The online daily Berliner Zeitung (BZ) here reports that German consumers in 2015 have “never paid so much money for supporting renewable energy.”
Wind energy is hugely expensive and doesn’t work well. Photo: NTZ
Some 15 years ago German Environment Minister, Jürgen Trittin, wanted the public to believe that Germany’s Energiewende (transition to renewable energies) would only cost consumers about as much as one scoop of ice cream per month. Since those famous words were spoken that scoop has ballooned to a jumbo bucket of Ben and Jerry’s.

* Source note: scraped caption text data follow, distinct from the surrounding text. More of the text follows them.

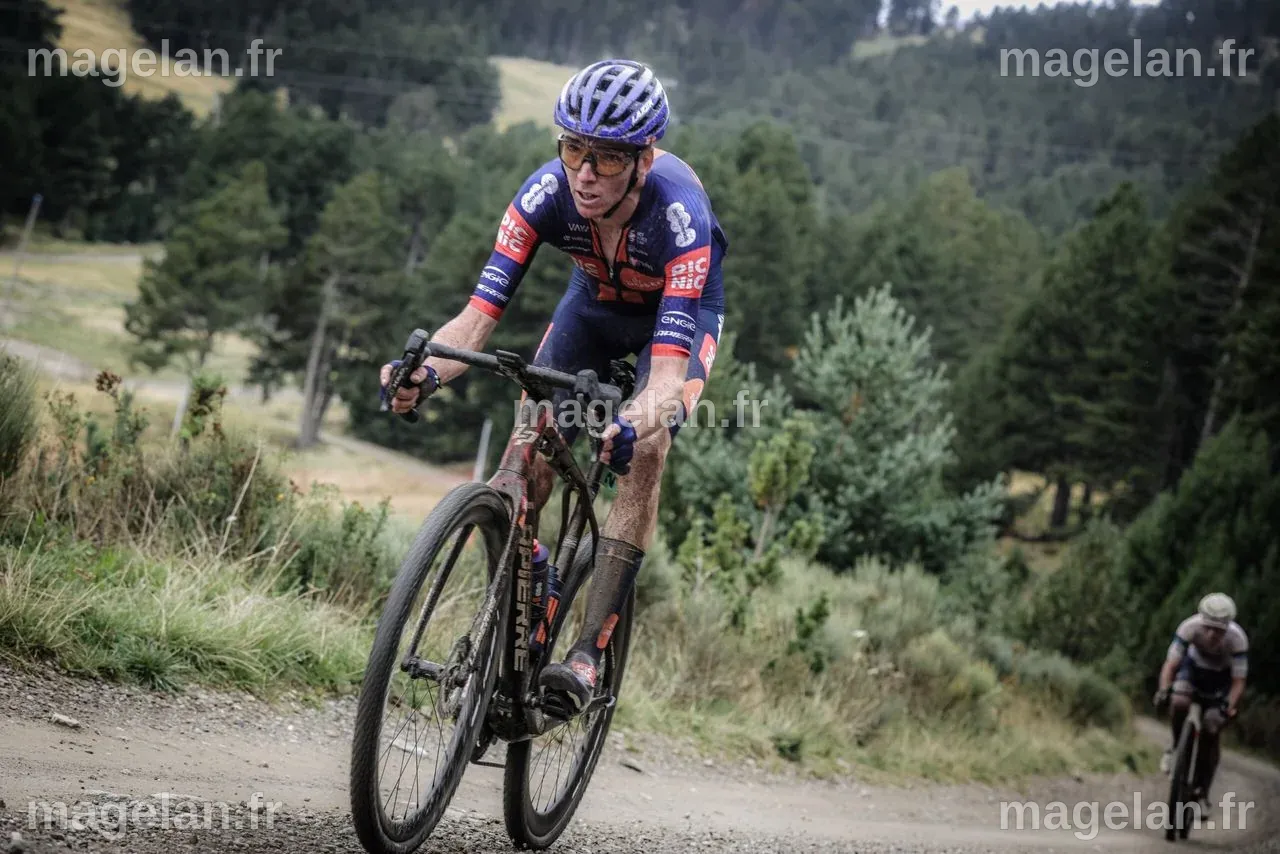UCI Gravel World Series: Romain Bardet and Axelle…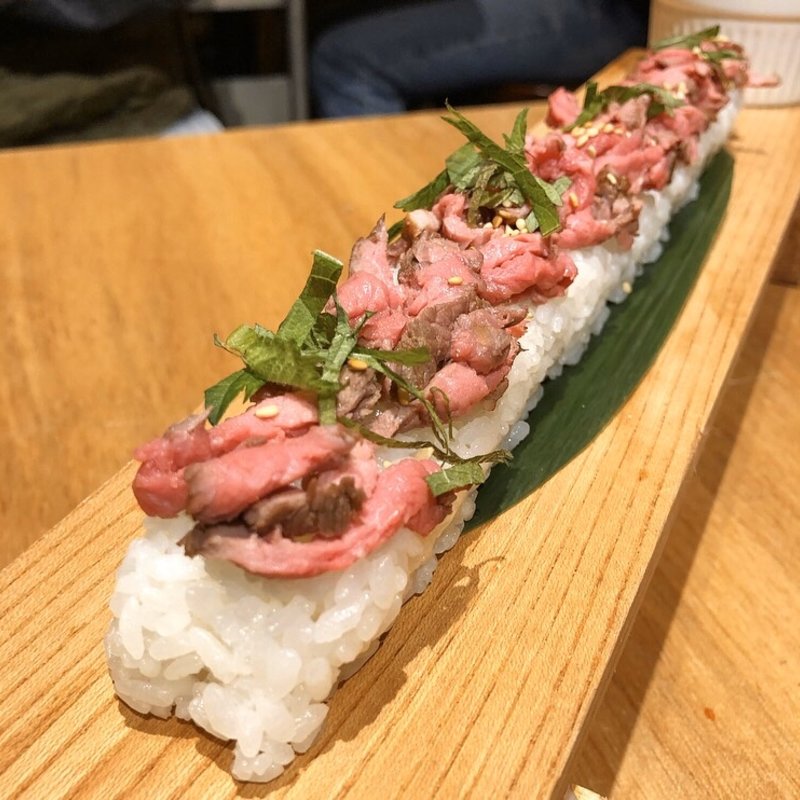 ロングユッケ寿司(CHEESE MEAT GARDEN梅田店)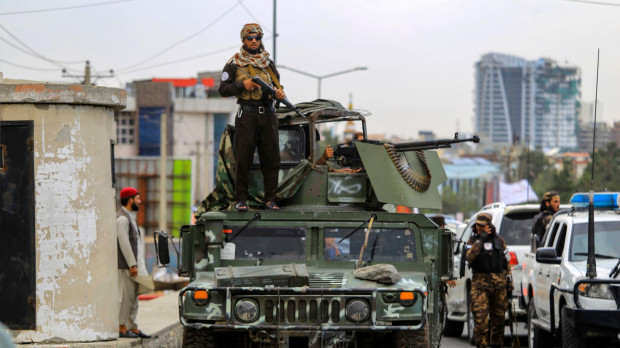 Patrulla talibán Kabul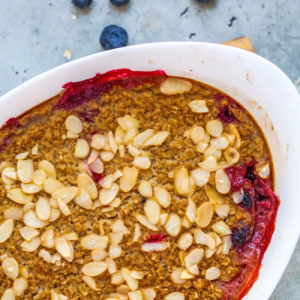 Pinch of Bites-Almond & Berry Breakfast Bake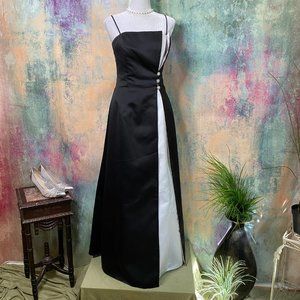 📌 Caché Elegant Ball- Prom - Bridesmaid Gown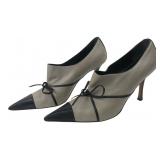 Manolo Blahnik Two-Tone Leather Pumps Size 38.5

Never have German consumers paid so much for electricity. Indeed one study concluded that the high cost of electricity in Germany is resulting in hundreds of thousands of German households having their power cut off because families can no longer afford the high electric bills – see here and here. It just goes to show that under reckless political management even a scoop of ice cream can become a luxury.
The BZ reports:
According to media reports, 24.1 billion euros were paid out to green energy producers last year. That is 2.6 billion euros, or 12 percent, more than in 2014.”
The costs are rising so fast that some leading politicians are (finally) beginning to sound the alarms. The BZ writes that leading conservative politician Michael Fuchs of Angela Merkel’s CDU party “fears the worst“, telling the flagship daily Frankfurter Allgemeine Zeitung that the Energiewende “is on the best path to becoming a financial disaster”.
And despite the massive investment, wind energy was only able to deliver 13% of Germany’s electricity needs last year – and that in a year which was a relatively windy one.
What will be the consequence of all the Bernie-Sanders-“free” green energy in the future? The Berliner Zeitung writes: “Higher costs”.
One reason for the higher costs, the BZ writes, is because of the governments plan to boost investment in offshore wind parks – and slow down the construction of onshore parks. The problem with that plan is that offshore wind energy is far more expensive. Offshore wind park operators are guaranteed up to 19.4 euro-cents per kilowatt-hour – which is some three times more than what onshore operators get.
And there’s still remains the problem of getting offshore wind energy to markets inland.